On pourrait mentionner l’humour ou le rythme détonant de ce comics mais le point majeur de Space Boulettes reste ses personnages emblématiques
Nombreux, ils gravitent quasiment tous autour de Violette, noyau central de l’intrigue.
Ainsi, si sa famille (et la famille en général) n’est pas la thématique principale, elle n’en est pas moins un axe majeur qui tisse de nombreux liens entre les acteurs de l’histoire.
C’est d’ailleurs un des aspects les plus touchants dans Space Boulettes ; d’autant plus quand on sait que Violette trouve son inspiration dans la propre fille de Craig Thompson.
On comprend ainsi mieux l’attachement qu’on ressent pour ce noyau, soudé malgré l’adversité.
Cette thématique se retrouve aussi auprès des amis de Violette.
Zacchée, derrière son côté nonchalant et ses pics continuels, cache une véritable sensibilité.
Après tout, n’est-il pas le dernier de son espèce ?
Et pour autant est-il vraiment seul ?
Elliot, c’est un peu l’opposé.
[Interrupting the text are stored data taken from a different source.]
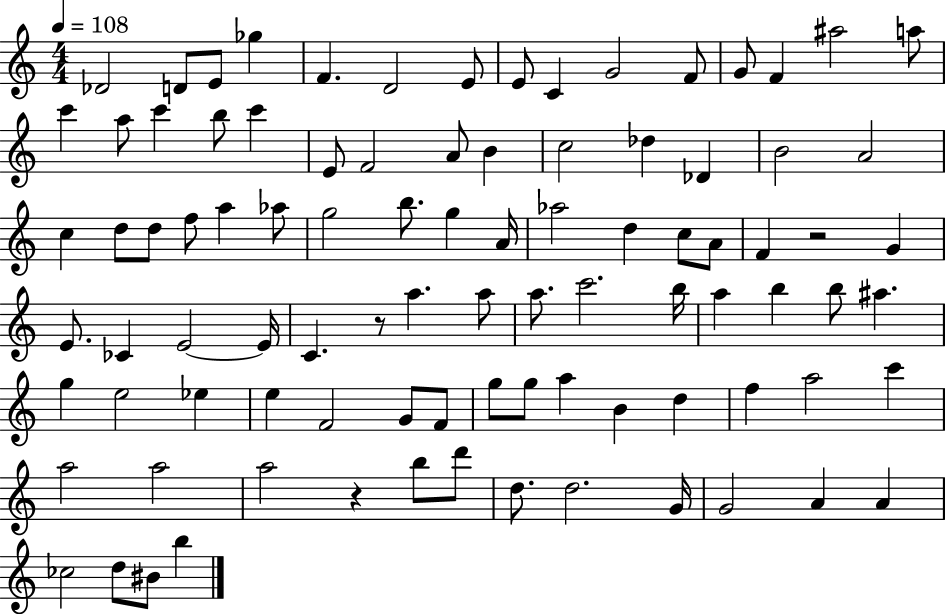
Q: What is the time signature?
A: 4/4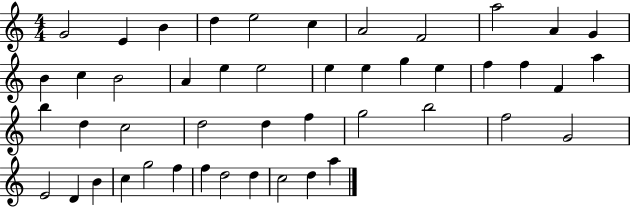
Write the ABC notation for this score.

X:1
T:Untitled
M:4/4
L:1/4
K:C
G2 E B d e2 c A2 F2 a2 A G B c B2 A e e2 e e g e f f F a b d c2 d2 d f g2 b2 f2 G2 E2 D B c g2 f f d2 d c2 d a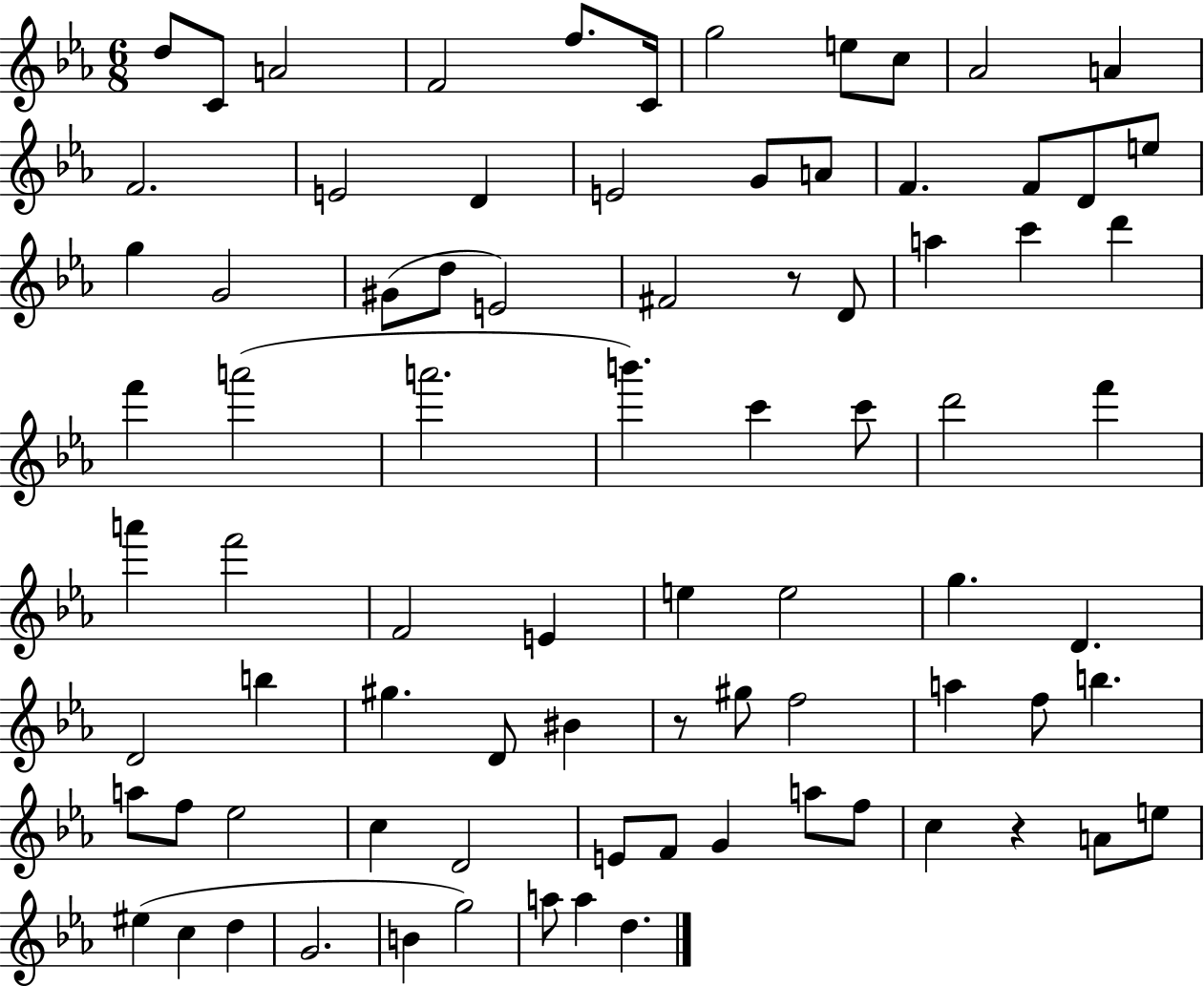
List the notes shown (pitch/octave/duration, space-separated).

D5/e C4/e A4/h F4/h F5/e. C4/s G5/h E5/e C5/e Ab4/h A4/q F4/h. E4/h D4/q E4/h G4/e A4/e F4/q. F4/e D4/e E5/e G5/q G4/h G#4/e D5/e E4/h F#4/h R/e D4/e A5/q C6/q D6/q F6/q A6/h A6/h. B6/q. C6/q C6/e D6/h F6/q A6/q F6/h F4/h E4/q E5/q E5/h G5/q. D4/q. D4/h B5/q G#5/q. D4/e BIS4/q R/e G#5/e F5/h A5/q F5/e B5/q. A5/e F5/e Eb5/h C5/q D4/h E4/e F4/e G4/q A5/e F5/e C5/q R/q A4/e E5/e EIS5/q C5/q D5/q G4/h. B4/q G5/h A5/e A5/q D5/q.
Du moins, c’est ce que l’on pense au départ.
Créé artificiellement par un père qui s’en est très vite éloigné, le jeune poulet se caractérise par une rigueur teintée de foi religieuse.
La religion reste un aspect récurent des oeuvres de Craig Thompson, lui-même étant croyant.
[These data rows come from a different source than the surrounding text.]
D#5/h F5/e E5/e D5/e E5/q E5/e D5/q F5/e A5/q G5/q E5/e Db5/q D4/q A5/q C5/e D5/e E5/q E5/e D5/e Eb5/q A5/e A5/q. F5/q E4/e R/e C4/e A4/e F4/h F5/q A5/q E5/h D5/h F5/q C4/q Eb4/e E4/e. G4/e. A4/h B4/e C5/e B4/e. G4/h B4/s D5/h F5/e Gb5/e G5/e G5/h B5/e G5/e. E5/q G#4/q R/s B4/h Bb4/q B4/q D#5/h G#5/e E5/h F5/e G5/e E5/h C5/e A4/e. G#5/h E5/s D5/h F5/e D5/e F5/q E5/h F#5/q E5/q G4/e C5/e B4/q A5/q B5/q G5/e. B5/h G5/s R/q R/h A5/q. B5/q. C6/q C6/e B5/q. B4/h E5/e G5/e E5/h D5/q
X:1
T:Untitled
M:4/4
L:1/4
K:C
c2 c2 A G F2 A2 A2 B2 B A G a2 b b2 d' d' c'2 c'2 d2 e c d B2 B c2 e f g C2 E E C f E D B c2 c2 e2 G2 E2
Elle est amenée par petites touches, sans aucun prosélytisme et est même gentiment moquée par Zacchée.
Chacun d’entre eux, au final, fait face à diverses cellules familiales : aimante, absente, inadaptée.
Mais la vision de Craig Thompson prône l’ouverture d’esprit et prouve que ce sentiment familial n’est pas forcement lié par le sang.
Un sous-texte écologique
Derrière cette aventure aux multiples rebondissements se cache le message d’un auteur inquiet pour le monde qu’il habite.
Sans trop en dévoiler, l’espace fait face à une catastrophe majeure : la diarrhée de baleine.
Si, un peu comme Violette au départ, on rigole de la situation, on ne s’imagine pas en réalité l’impact d’un tel évènement sur les populations environnantes.
Destruction de logements et population qui s’exile, les ravages sont immenses.
Mais comment faire face à un évènement qu’on ne contrôle pas ?
Apparement rien à faire, sauf si ces catastrophes sont causées par l’Homme, que ce soit volontaire ou non.
Avec ce sous texte écologique, Craig Thompson veut montrer au jeune lectorat que le changement est encore possible.
Cependant il met en garde envers une science qui peut-être sourde aux effets qu’elle peut provoquer.
On notera un certain cynisme de la part de Craig Thompson qui choisit, sûrement volontairement, la baleine comme menace alors que, dans notre réalité, l’espèce est menacée.
Le génie de Craig Thompson
On connaît Craig Thompson pour Blankets ou Habibi, d’immenses romans graphique en
noir et blanc et aux hachures vibrantes de matières.
Avec Space Boulettes, il opère un virage.
Si ces pages fourmillent toujours autant de détails et que sa narration est des plus inventives, il étonne par la simplification massive qu’il a apportée à sa technique d’encrage.
Beaucoup plus classique sur la forme, il laisse davantage de place à une couleur dont l’apport est primordial pour un récit axé jeunesse.
Et qui d’autre que Dave Stewart pouvait s’atteler à un telle tâche ?
Il fait partie des rares coloristes à pouvoir moduler sa technique suivant le style du dessinateur avec lequel il collabore.
Quasi monochrome sur Mike Mignola, il s’éclate ici avec une palette aux couleurs chatoyantes qui rendent hommage à la richesse graphique de l’univers de Craig Thompson.
Une véritable symbiose s’opère entre les deux artistes, donnant lieu à un émerveillement graphique.
Une belle réussite.
En résumé
Avec Space Boulettes, Craig Thompson s'éloigne, occasionnellement, des récits adultes pour nous concocter une aventure familiale réjouissante. Son graphisme, plus cartoon qu'à l'accoutumée, offre une véritable richesse graphique tout en laissant une belle place aux merveilleuses couleurs de Dave Stewart. Si son style s'allège, il n'en est pas moins généreux et l'inventivité de ses mises en pages envoutera les jeunes lecteurs qui oseront s'attaquer à cet énorme pavé. Quant à l'aventure, elle cache en son sein une réflexion écologique malheureusement encore d'actualité. Un récit à découvrir ou à redécouvrir.